Les scientifiques identifient les restes de l'"Homme du Puits" jeté depuis un château il y a 800 ans !
Une saga nordique vieille de 800 ans décrit comment un homme a été jeté dans un puits au château de Sverresborg, dans le centre de la Norvège. Aujourd'hui, des chercheurs l'ont retrouvé et ont corroboré le fait historique.
Un passage de la « Sverris Saga » nordique, l'histoire du roi Sverre Sigurdsson, vieille de 800 ans, décrit un raid militaire qui s'est déroulé en 1197 après J.-C., au cours duquel un corps a été jeté dans un puits du château de Sverresborg, près de Trondheim, dans le centre de la Norvège, probablement dans le but d'empoisonner la principale source d'eau des habitants de la région.
L'Homme du Puits : histoire et archéologie vont de pair
Une nouvelle étude publiée dans iScience décrit comment des chercheurs ont utilisé de l'ADN ancien pour corroborer les événements de la saga et découvrir des détails sur « l'homme du puits », mêlant l'histoire et l'archéologie à la science et créant un précédent pour de futures recherches sur des personnages historiques.
« C'est la première fois qu'une personne est décrite dans ces textes historiques , explique le professeur Michael D. Martin, du musée universitaire de l'Université norvégienne des sciences et de la technologie de Trondheim, en Norvège. « Il existe de nombreux vestiges médiévaux et anciens de ce type dans toute l'Europe et ils sont de plus en plus étudiés à l'aide de méthodes génomiques ».

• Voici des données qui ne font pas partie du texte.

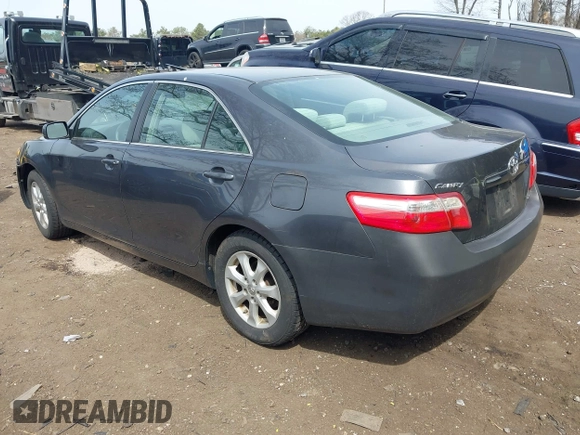2009 Toyota Camry with VIN 4T1BE46K89U847876, listed as a IAAI auction lot 42133283 with 131,968 mi miles. Bid and sale history available at carsss.com. Image 3.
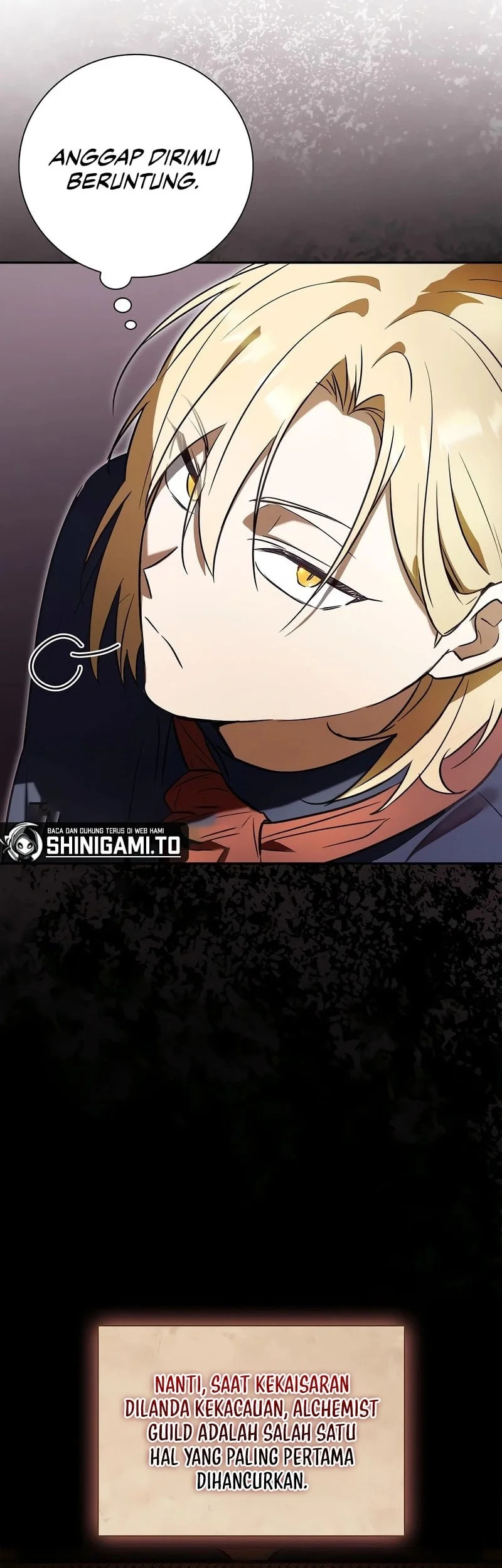 A Mercenary’s Rebirth Among Nobles Chapter 4 Gambar 70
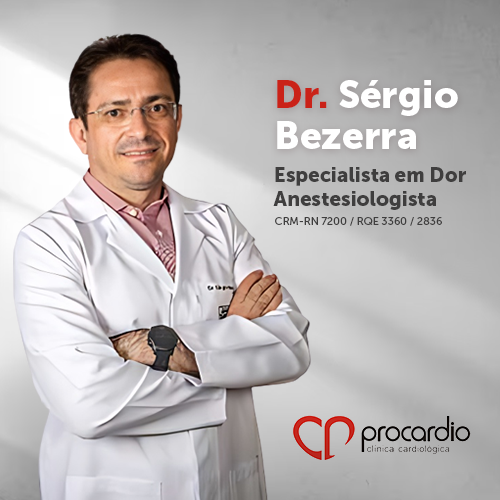 SÉRGIO BEZERRA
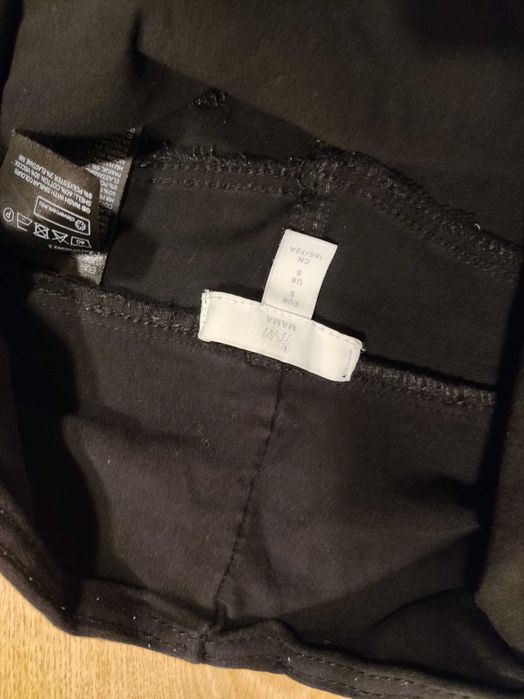 Spodnie ciążowe hm S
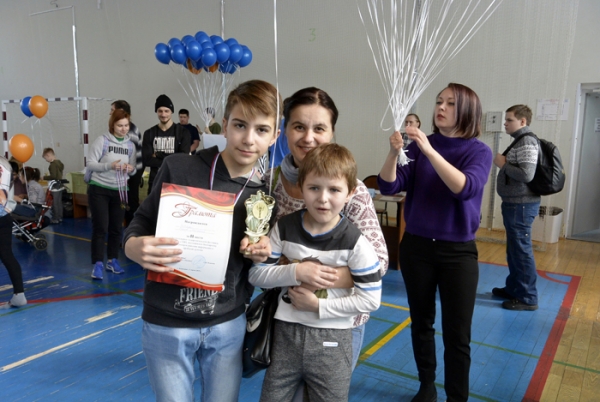В Зеленограде прошло мероприятие в поддержку детей и молодых людей с инвалидностью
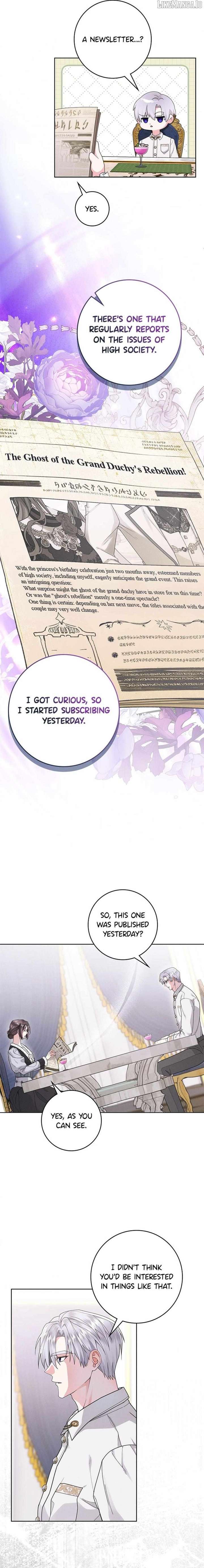 I Taught You with Restraint, So Why Are You Obsessed? Chapter 26 68 04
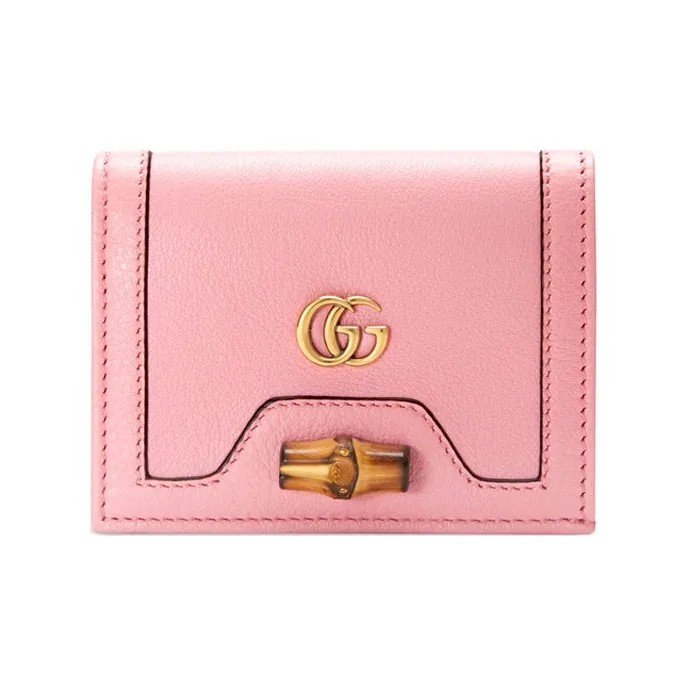 GUCCI Diana Card Holders-0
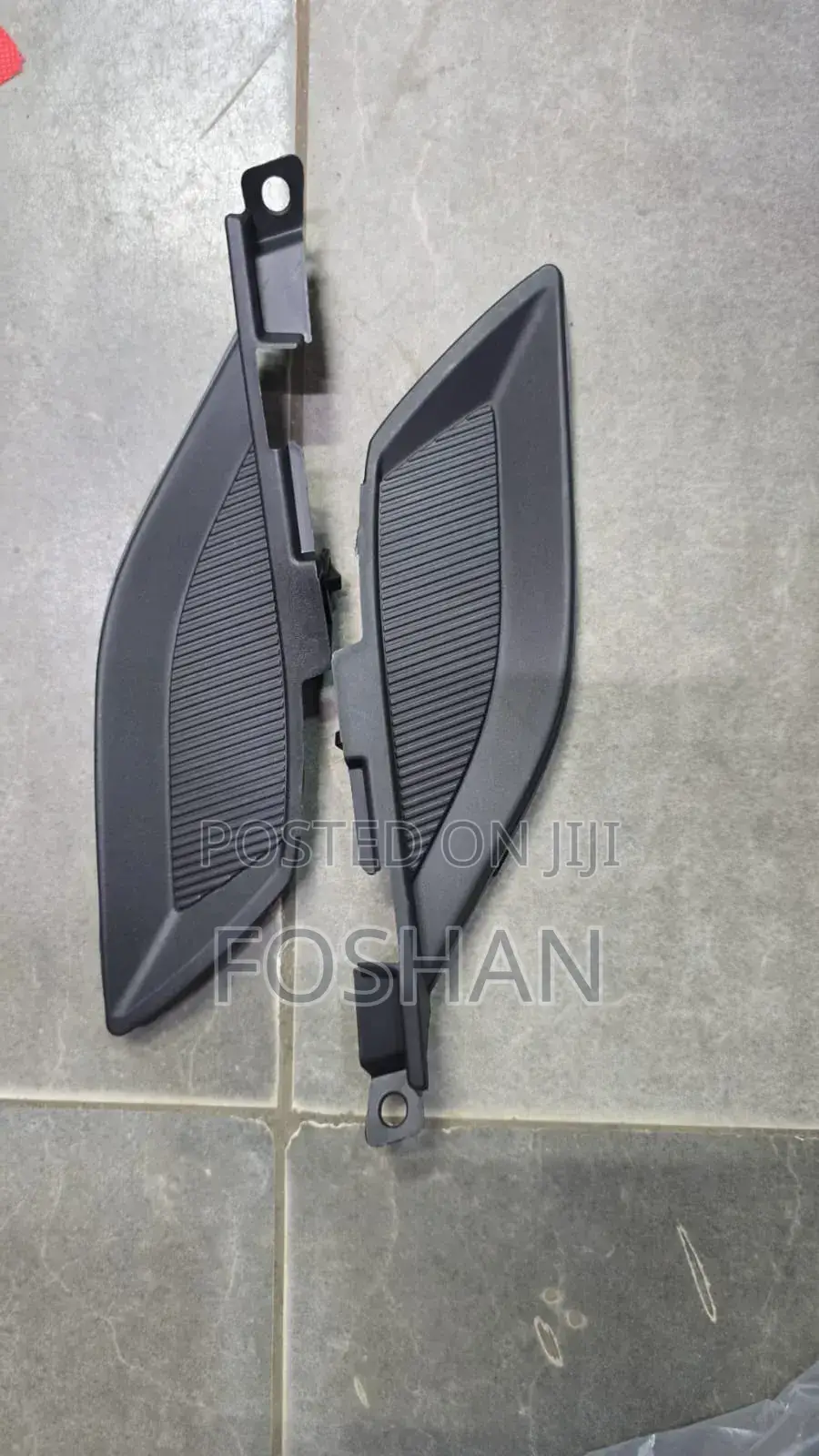 Bumper Cover Cx9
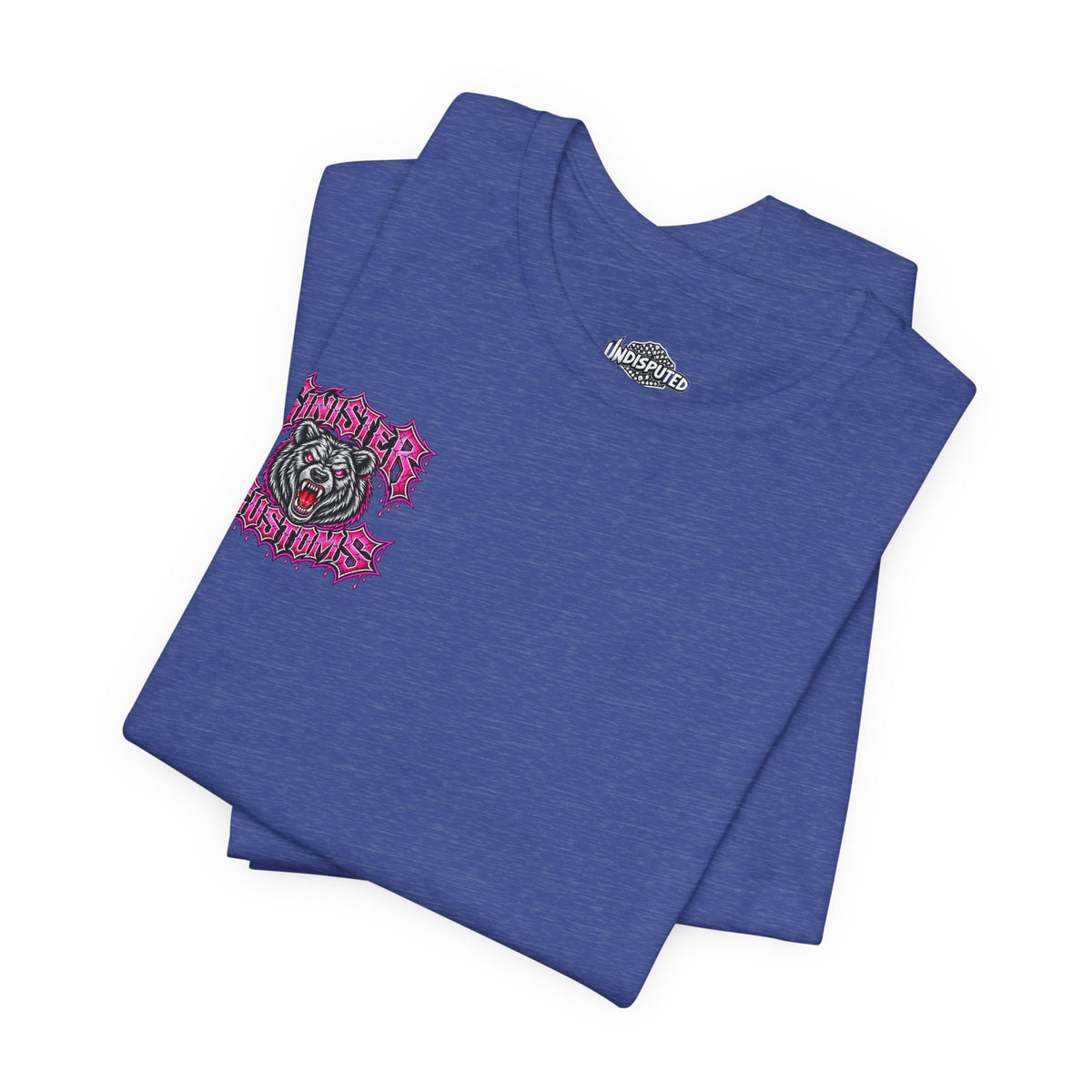 Breast Cancer Sinister Customs T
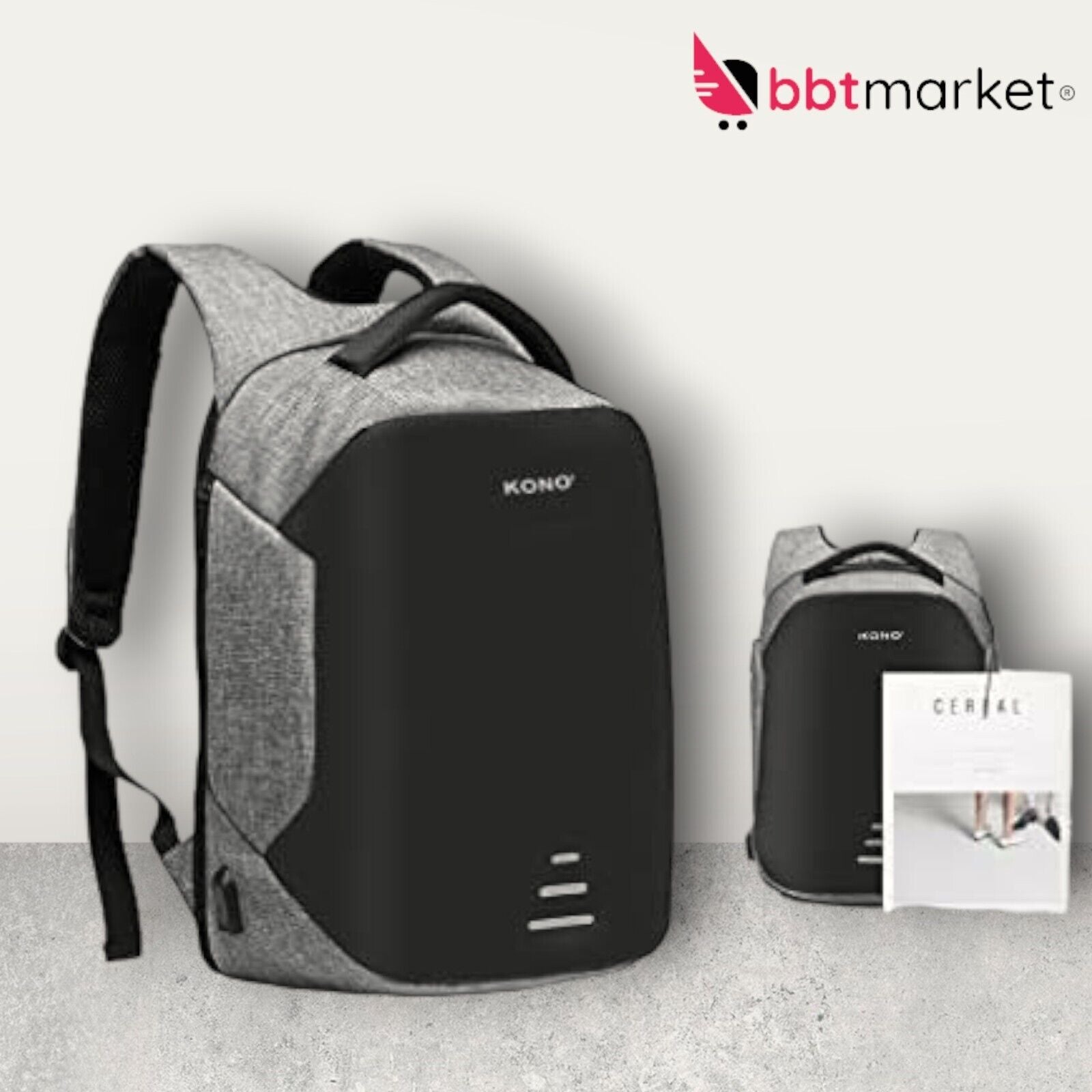 Laptop Backpack-Men Women-Sport Travel Hiking Work School Backpack 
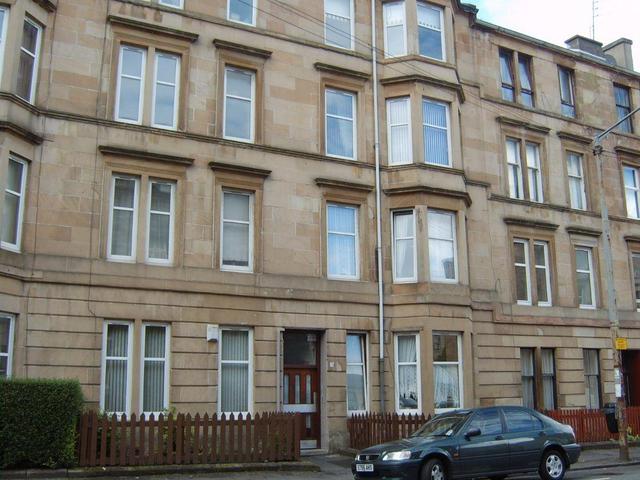  Image of 1 bedroom Flat to rent in Annette Street Glasgow G42 at Govanhill Glasgow Glasgow, G42 8YA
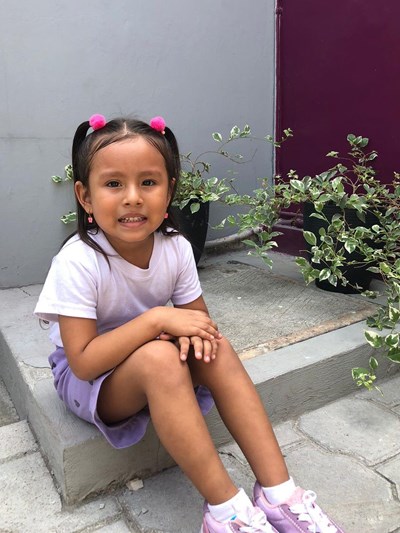 Help Valentina Narcisa by becoming a child sponsor. Sponsoring a child is a rewarding and heartwarming experience.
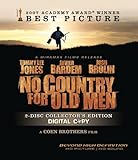 Image de No Country for Old Men [Blu-ray]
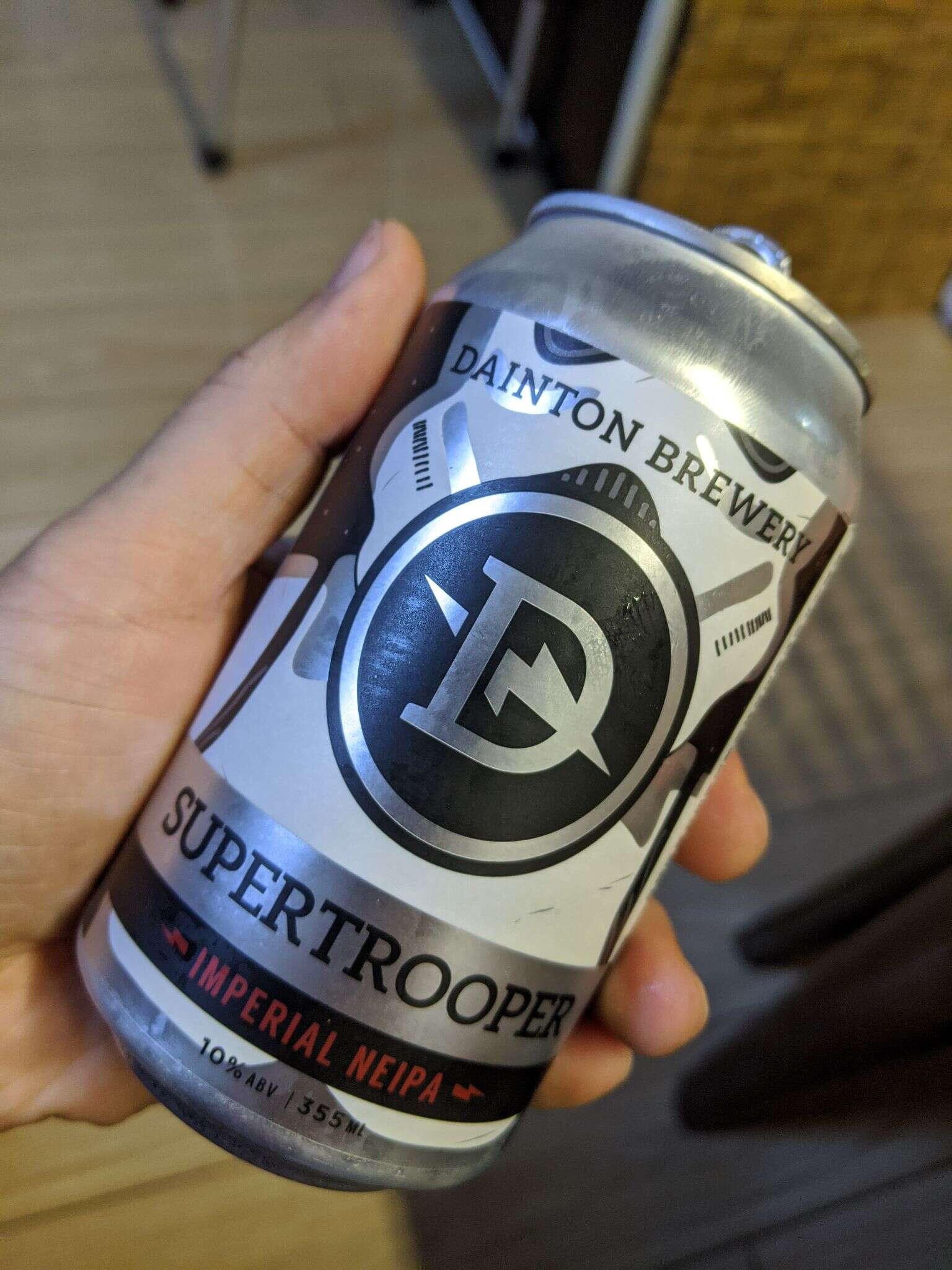Dainton Supertrooper Imperial NEIPA 20191224 193908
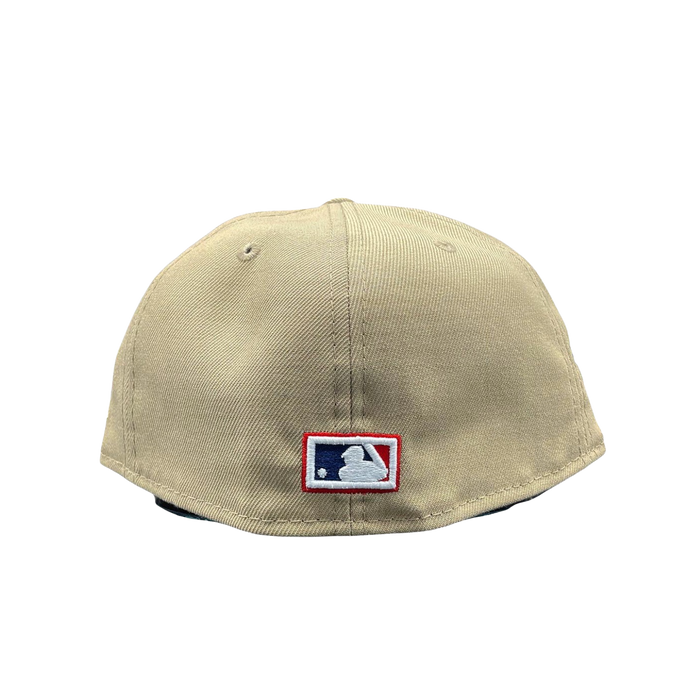 New York YANKEE CAMEL GREY UV 1999 World Series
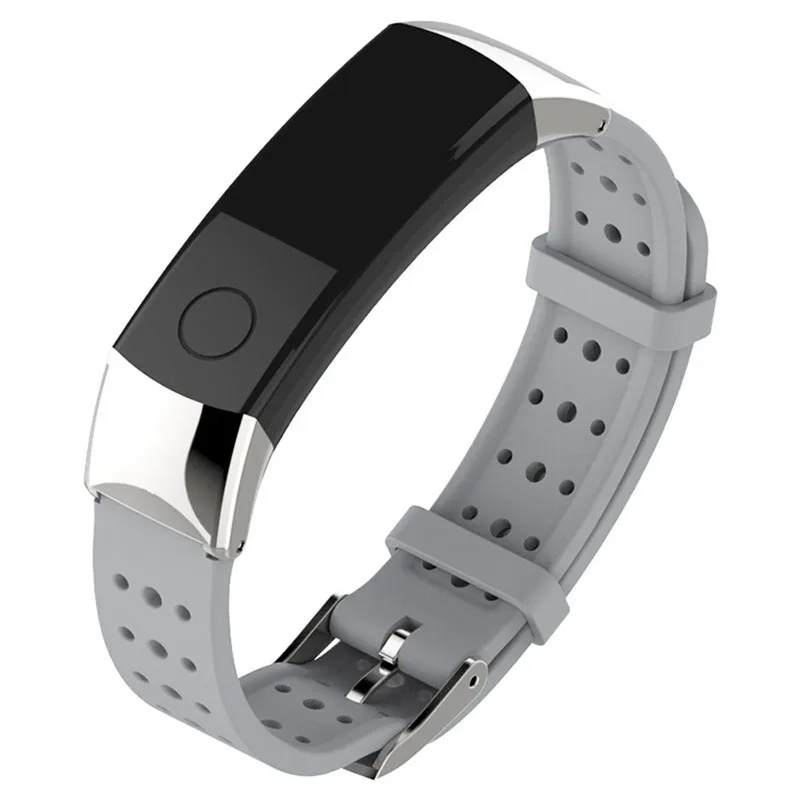 Ремешок для часов Модный спортивный силиконовый браслет ремешок для huawei Honor 3 Смарт-часы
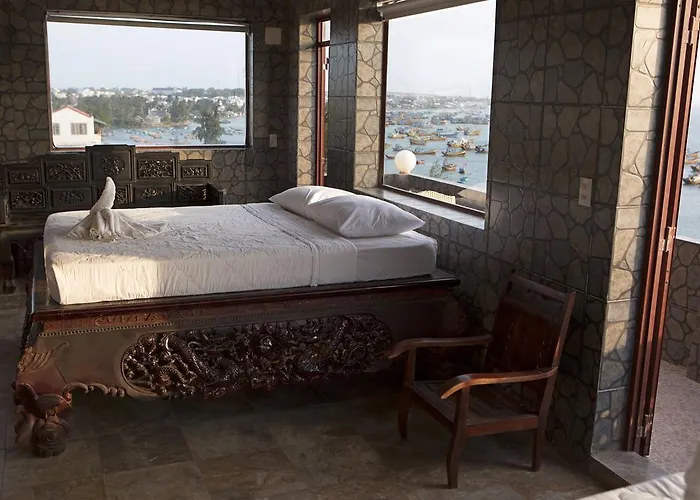 Couette-café Source Kiteboarding/lodge Phan Thiết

En 1938, des ossements ont été découverts dans le puits du château de Sverresborg, mais les chercheurs de l'époque ne disposaient pas des outils nécessaires pour aller au-delà de l'analyse visuelle. Aujourd'hui, la datation au radiocarbone et les technologies avancées de séquençage génétique ont permis aux chercheurs de dresser un tableau plus complexe de l'identité de l'homme du puits.
La datation au radiocarbone a confirmé que le corps avait environ 900 ans et des études menées en 2014 et 2016 ont confirmé que le corps appartenait à un homme qui avait entre 30 et 40 ans au moment de sa mort.
« Le texte n'est pas tout à fait correct ; ce que nous avons constaté, c'est que la réalité est beaucoup plus complexe que le texte », explique l'archéologue Anna Petersén, de l'Institut norvégien de recherche sur le patrimoine culturel d'Oslo, en Norvège.
« Nous pouvons corroborer ce qui s'est réellement passé d'une manière plus neutre », explique le Dr Martin Rene Ellegaard de l'Université norvégienne des sciences et de la technologie.
Dans le cadre de son doctorat, Ellegaard a utilisé des échantillons d'une dent prélevée sur le squelette de l'homme de Well pour séquencer son génome. Grâce à ces informations, l'équipe a pu déterminer qu'il avait très probablement les yeux bleus et les cheveux blonds ou châtains clairs, et que ses ancêtres venaient probablement du comté norvégien le plus méridional, l'actuel Vest-Agder.
Une technologie qui a des limites
Cette technologie a toutefois ses limites, car pour prélever le génome de l'homme sain, il a fallu retirer la surface extérieure de sa dent (pour éviter la contamination par ceux qui l'ont manipulée dans des environnements non stériles, par exemple lors de fouilles) et réduire la dent en poudre.
Cela signifie que l'échantillon ne peut plus être utilisé pour d'autres tests et les chercheurs n'ont pas pu obtenir de données sur les agents pathogènes que l'homme en bonne santé aurait pu porter au moment de son décès.
« Il s'agit d'un compromis entre l'élimination de la contamination de surface par les personnes ayant touché la dent et l'élimination de certains agents pathogènes potentiels... Il y a beaucoup de considérations éthiques à prendre en compte », explique Mme Ellegaard. « Nous devons réfléchir au type de tests que nous effectuons aujourd'hui, car cela limitera ce que nous pourrons faire à l'avenir ».
Les chercheurs affirment qu'ils aimeraient analyser des échantillons provenant d'autres personnages historiques. « L'important saint norvégien Olaf serait enterré quelque part dans la cathédrale de Trondheim », explique Martin. « Je pense donc que si ses restes sont finalement découverts, des efforts pourraient être faits pour le décrire physiquement et retracer son ascendance grâce au séquençage génétique ».
Référence de l'article :
Martin R. Ellegaard et al, Corroborating written history with ancient DNA: the case of the Well-man described in an Old Norse saga, iScience (2024). DOI: 10.1016/j.isci.2024.111076.